Chocolate Maca Almond Rawballs (12 balls)

 -> I used soaked almonds (put them in water for at least 2-3 hours). Start with mixing the almonds and dates in a mixer. Then add the rest of the ingredients and mix until it’s all well blended but it can be some pieces, it just makes it taste better and makes it crunchier. Then form them into balls. If you want you can roll them in coconut flakes or chia seeds but I like them without any topping. Put in the fridge for about 20 minutes before eating. ENJOY! 


  These raw balls are 100% free from gluten, dairy and added sugar! 

Sugar free Snickers

My absolute favorite from all the Christmas candy I made this year are these healthy Snickers. The combination of peanuts and chocolate is hard to beat! 

Sugar free Snickers (12-16 pieces)

  • 200 grams sugar free dark chocolate 
  • 200 grams sugar free peanutbutter 
  • 125 grams roasted peanuts 
  • A sprinkle of sea salt (if the peanuts are not salted)
  • 1 dl coconut flakes 
  • 2 tablespoons coconut oil

-> Start by melting half of the chocolate, add some coconut oil if it’s not rinny enough.
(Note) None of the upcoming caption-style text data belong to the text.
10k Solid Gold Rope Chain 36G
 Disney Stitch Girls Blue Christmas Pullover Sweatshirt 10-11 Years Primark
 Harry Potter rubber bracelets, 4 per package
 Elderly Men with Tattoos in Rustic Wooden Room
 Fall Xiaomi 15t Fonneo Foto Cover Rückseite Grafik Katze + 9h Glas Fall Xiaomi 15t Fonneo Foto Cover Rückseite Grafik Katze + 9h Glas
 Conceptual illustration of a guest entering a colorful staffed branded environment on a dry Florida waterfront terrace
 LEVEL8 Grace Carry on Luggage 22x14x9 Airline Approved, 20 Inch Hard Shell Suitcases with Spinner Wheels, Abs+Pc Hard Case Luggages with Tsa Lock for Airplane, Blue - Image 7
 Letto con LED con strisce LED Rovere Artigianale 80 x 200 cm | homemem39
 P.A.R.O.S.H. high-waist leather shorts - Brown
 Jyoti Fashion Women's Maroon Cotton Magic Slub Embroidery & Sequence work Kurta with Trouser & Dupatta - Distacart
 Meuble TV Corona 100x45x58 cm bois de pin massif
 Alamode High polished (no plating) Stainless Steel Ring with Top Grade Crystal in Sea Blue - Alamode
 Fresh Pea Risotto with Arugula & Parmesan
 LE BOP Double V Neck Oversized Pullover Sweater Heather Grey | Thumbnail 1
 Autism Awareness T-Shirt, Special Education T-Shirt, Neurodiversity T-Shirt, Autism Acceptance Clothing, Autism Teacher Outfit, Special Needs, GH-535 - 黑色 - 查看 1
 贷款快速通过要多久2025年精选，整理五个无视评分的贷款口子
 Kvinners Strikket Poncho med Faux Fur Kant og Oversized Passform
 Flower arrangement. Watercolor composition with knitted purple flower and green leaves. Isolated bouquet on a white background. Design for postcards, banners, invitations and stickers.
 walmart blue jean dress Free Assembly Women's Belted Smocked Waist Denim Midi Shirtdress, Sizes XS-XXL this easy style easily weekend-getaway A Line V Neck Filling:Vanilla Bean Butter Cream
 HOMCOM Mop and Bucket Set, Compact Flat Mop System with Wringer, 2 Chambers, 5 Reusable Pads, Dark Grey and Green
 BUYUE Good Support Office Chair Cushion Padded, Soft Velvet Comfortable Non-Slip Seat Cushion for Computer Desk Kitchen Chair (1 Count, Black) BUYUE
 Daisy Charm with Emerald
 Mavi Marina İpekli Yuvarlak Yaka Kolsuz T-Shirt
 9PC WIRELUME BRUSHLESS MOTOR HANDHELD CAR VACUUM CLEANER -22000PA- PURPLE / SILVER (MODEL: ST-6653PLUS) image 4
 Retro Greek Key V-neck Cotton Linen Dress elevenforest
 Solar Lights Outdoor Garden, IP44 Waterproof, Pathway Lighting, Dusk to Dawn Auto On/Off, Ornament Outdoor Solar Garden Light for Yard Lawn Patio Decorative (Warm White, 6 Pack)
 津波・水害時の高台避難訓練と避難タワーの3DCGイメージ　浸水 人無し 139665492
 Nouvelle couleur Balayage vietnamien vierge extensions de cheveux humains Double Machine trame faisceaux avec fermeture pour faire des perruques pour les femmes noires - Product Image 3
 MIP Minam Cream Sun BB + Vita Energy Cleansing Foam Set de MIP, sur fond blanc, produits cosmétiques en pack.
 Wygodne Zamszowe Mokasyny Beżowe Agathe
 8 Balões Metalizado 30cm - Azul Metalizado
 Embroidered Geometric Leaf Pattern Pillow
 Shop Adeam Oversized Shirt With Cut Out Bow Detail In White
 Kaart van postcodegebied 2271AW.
Pour over on a piece of baking paper in a square (about 20 x 20 cm). Put in the fridge for a few minutes while you continue with the filling. Heat up the peanutbutter a little, add 1 tablespoon of melted coconut oil and stir well. Add the peanuts, salt and coconut flakes and mix until it’s all well blended. Take out the melted chocolate from the fridge and put over a layer of the filling (about 1/2-1 cm thick layer). Then melt the rest of the chocolate and pour over until it’s all covered. Sprinkle over some extra coconut flakes and put in the fridge for about 15 minutes. ENJOY a healthy and delicious snack/candy fillies with good fats. 


These are 100 % gluten free and free from added sugar. Depending on the chocolate you use it can also easily be dairy free.